We further improved the water surface area estimates by filling the cloud-contaminated pixels, which were assigned a “No data” value in the previous steps. For this purpose, we used the algorithm for water surface area estimation developed by Vu et al. (2022), which was initially introduced by Gao et al. (2012) and Zhang et al. (2014) to extract the water surface area. The algorithm uses a water frequency raster (FREQ) to fill the cloud-affected pixels over the reservoir area. We add the clear-water pixels (k-means clustering) and cloud-filled water pixels (Vu et al., 2022) to get a complete picture of the reservoir water surface area for each NDWI image, called “After_area” (Table 3). Finally, we adjust the boundary water pixels of the complete reservoir water surface area, called “Final_area”. Notably, if no adjustments are detected by the algorithm, “Final_area” remains equal to “After_area” (Table 3).

3.4 Absolute storage estimation and postprocessing

Once we had estimated the water surface area, we subsequently used the hypsometric curves to derive the corresponding absolute reservoir storage volume. Based on the different processing stages, we post-processed the storage time series into three levels (Level 0, Level 1, and Level 2). For each reservoir, Level 0 corresponds to the scene-based (instantaneous) raw outputs of absolute reservoir storage, which have been derived from the available satellite images. We then performed a simple boxplot analysis of Level-0 data to remove outliers, creating the so-called Level-1 data. The Level-0 data are provided to give users the flexibility to generate their own Level-1 data using alternative outlier removal algorithms, if needed. Note that, in our case, Level-1 data are created using a generalized boxplot framework for quality control that is not specifically designed for each reservoir. Therefore, on a case-by-case basis, some values in the storage time series may still be considered outliers – they can be removed manually or with the aid of other data analysis algorithms. Therefore, the improvement in Level-1 data compared to Level-0 data varies between the reservoirs. To quantify it, we calculated the coefficient of determination (R²) and the normalized (by reservoir total storage) root mean square error (nRMSE) for the Level-0 and Level-1 data of the 20 reservoirs for which we have the observed storage. The detailed analysis of the 20 selected reservoirs is presented below in Sect. 4.4 (Fig. 7 and Table S2 in the Supplement). We found that the nRMSE decreased and the R² increased from Level 0 to Level 1, suggesting that the outlier removal process can further enhance the quality of the data (Fig. S4). Considering the demand for ready-to-use data for several applications (e.g., hydrological modeling), we further processed the Level-1 data to create continuous daily time series of absolute reservoir storage (called Level-2 data) using a nonlinear (i.e., spline) interpolation technique, followed by data smoothing (moving-mean method). It is important to note that the interpolation technique incorporates all available data points, including a few outliers, which introduces a higher level of uncertainty into the Level-2 data. Despite this, we undertook validation of the storage time series to strengthen confidence in our estimations.
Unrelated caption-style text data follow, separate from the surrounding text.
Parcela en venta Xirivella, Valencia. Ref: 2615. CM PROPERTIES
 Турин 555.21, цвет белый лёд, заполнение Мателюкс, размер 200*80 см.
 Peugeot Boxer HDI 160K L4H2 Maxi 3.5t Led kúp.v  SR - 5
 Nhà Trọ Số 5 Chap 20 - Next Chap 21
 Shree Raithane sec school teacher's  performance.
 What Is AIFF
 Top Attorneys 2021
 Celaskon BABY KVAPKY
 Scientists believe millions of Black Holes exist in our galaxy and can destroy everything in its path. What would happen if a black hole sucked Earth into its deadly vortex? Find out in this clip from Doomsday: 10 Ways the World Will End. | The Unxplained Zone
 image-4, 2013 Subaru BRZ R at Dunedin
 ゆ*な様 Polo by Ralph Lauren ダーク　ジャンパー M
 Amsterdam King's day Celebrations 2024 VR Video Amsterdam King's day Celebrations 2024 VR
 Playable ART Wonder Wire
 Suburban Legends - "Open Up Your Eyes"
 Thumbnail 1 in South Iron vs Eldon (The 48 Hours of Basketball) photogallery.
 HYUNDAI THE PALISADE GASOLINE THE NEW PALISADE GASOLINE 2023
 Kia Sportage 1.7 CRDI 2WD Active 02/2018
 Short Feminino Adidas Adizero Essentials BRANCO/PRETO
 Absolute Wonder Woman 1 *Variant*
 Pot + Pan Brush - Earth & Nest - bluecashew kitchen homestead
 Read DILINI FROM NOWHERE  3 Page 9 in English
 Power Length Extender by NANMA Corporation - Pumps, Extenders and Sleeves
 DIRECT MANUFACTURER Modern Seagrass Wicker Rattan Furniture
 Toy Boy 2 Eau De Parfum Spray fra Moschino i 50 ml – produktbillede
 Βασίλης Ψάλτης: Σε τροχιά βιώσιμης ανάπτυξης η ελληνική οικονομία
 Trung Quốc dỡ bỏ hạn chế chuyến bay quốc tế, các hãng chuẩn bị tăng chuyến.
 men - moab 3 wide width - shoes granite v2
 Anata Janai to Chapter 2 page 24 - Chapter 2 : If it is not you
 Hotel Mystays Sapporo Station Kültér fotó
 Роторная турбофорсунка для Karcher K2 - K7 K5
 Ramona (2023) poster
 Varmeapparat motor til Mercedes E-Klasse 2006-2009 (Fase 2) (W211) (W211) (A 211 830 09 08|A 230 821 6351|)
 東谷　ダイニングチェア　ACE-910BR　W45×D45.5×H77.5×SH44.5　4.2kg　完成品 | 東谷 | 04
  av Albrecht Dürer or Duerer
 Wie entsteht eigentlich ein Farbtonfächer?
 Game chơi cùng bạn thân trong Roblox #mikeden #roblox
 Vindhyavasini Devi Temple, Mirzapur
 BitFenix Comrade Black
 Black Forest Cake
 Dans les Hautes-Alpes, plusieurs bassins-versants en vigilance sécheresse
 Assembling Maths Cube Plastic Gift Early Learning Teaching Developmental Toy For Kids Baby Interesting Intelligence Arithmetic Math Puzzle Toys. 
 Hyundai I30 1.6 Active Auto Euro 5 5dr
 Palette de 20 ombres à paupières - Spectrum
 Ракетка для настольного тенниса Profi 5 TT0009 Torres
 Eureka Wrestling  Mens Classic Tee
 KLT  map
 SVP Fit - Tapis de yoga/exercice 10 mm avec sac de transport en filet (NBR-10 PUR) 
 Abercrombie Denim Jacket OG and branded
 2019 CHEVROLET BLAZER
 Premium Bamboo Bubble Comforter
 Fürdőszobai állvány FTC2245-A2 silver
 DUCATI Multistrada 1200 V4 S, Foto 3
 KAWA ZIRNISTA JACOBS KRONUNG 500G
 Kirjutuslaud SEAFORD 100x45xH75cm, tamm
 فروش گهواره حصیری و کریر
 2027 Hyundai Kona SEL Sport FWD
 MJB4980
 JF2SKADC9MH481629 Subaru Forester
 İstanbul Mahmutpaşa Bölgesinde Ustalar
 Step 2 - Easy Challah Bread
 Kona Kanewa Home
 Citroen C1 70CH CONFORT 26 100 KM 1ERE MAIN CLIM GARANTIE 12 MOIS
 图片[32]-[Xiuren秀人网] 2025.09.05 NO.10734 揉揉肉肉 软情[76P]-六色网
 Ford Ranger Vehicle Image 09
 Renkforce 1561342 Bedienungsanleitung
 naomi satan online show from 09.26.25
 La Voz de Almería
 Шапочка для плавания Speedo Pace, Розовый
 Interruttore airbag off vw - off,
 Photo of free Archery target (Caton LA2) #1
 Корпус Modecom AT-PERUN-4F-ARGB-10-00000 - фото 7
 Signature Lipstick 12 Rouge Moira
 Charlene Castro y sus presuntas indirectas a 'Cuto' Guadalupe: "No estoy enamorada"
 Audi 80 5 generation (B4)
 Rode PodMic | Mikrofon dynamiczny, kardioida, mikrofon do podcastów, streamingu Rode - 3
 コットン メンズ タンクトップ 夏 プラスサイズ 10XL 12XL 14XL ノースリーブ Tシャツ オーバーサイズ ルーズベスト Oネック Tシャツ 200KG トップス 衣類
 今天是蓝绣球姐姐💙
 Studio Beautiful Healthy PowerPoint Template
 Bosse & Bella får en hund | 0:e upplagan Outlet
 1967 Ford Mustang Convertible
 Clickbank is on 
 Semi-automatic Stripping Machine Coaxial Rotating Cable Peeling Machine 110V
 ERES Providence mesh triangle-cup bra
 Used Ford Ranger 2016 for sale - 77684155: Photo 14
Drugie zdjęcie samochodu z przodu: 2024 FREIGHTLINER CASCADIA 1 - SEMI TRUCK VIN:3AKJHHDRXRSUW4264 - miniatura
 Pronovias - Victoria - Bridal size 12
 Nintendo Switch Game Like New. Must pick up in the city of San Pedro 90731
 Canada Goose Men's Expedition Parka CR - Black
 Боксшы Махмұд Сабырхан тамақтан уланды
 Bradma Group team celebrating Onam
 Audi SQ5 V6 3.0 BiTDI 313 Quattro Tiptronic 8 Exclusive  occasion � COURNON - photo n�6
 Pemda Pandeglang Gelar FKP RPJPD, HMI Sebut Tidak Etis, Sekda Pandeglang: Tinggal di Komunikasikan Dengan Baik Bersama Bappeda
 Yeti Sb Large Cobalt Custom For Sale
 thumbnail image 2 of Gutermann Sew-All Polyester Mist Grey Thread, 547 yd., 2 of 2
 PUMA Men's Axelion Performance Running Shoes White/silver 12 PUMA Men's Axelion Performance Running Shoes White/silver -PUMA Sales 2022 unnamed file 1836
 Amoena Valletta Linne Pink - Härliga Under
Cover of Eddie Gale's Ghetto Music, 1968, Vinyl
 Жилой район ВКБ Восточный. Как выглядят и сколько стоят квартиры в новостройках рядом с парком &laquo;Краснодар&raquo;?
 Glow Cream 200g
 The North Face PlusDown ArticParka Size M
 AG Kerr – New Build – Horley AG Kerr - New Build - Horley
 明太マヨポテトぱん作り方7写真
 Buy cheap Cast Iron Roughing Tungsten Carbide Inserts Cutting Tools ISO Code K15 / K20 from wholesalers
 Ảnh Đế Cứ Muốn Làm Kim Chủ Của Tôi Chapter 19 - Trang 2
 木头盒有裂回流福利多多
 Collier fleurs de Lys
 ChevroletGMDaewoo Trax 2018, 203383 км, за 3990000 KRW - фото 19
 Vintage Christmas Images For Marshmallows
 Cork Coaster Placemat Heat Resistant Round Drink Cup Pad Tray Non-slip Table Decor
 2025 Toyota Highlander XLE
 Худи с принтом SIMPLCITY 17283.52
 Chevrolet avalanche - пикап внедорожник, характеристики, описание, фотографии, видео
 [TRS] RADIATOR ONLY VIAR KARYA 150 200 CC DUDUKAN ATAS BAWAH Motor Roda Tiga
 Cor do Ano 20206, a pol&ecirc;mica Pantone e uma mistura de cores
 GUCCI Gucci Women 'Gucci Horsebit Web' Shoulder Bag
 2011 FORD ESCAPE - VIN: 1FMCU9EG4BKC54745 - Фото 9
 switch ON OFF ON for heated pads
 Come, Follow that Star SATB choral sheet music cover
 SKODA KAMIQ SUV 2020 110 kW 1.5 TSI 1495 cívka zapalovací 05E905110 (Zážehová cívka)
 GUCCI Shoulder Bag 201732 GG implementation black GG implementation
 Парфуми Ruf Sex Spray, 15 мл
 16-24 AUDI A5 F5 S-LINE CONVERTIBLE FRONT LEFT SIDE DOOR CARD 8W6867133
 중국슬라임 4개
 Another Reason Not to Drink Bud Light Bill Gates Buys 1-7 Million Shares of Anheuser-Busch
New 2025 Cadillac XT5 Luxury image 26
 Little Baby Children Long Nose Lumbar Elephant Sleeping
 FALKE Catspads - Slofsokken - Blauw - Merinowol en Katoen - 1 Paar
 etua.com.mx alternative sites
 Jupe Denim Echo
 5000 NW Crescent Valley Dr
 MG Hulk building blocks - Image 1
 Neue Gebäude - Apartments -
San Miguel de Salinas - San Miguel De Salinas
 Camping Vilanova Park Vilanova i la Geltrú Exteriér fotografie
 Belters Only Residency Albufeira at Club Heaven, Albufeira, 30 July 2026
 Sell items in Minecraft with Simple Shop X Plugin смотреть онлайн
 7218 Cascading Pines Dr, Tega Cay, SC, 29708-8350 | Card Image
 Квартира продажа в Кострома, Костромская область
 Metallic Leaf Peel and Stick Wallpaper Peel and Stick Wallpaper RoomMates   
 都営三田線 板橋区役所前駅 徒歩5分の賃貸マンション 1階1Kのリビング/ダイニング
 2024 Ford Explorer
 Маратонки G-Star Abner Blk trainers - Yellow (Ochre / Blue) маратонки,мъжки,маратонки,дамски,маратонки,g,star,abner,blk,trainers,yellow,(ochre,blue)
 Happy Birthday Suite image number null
3.5 Validation of reservoir storage

We adopted two validation approaches. The first approach is direct validation, where we compare and validate our estimated storage volume against the observed reservoir storage. The second approach is indirect validation, where we use altimetry-converted storage to validate our time series of reservoir storage. Acquiring observed reservoir storage is challenging in MSEA because of the institutional and organizational data-sharing policies and restrictions, leading to a poor network of public data repositories for reservoir data. The only exception is the Thailand National Hydroinformatics Data Center, which releases daily reservoir storage information to the public domain (National Water Database (NWD) – https://www.thaiwater.net/, last access: 12 May 2024). We took the opportunity to download observed storage data from the NWD portal for 20 reservoirs in Thailand and then compared these data with our storage estimates.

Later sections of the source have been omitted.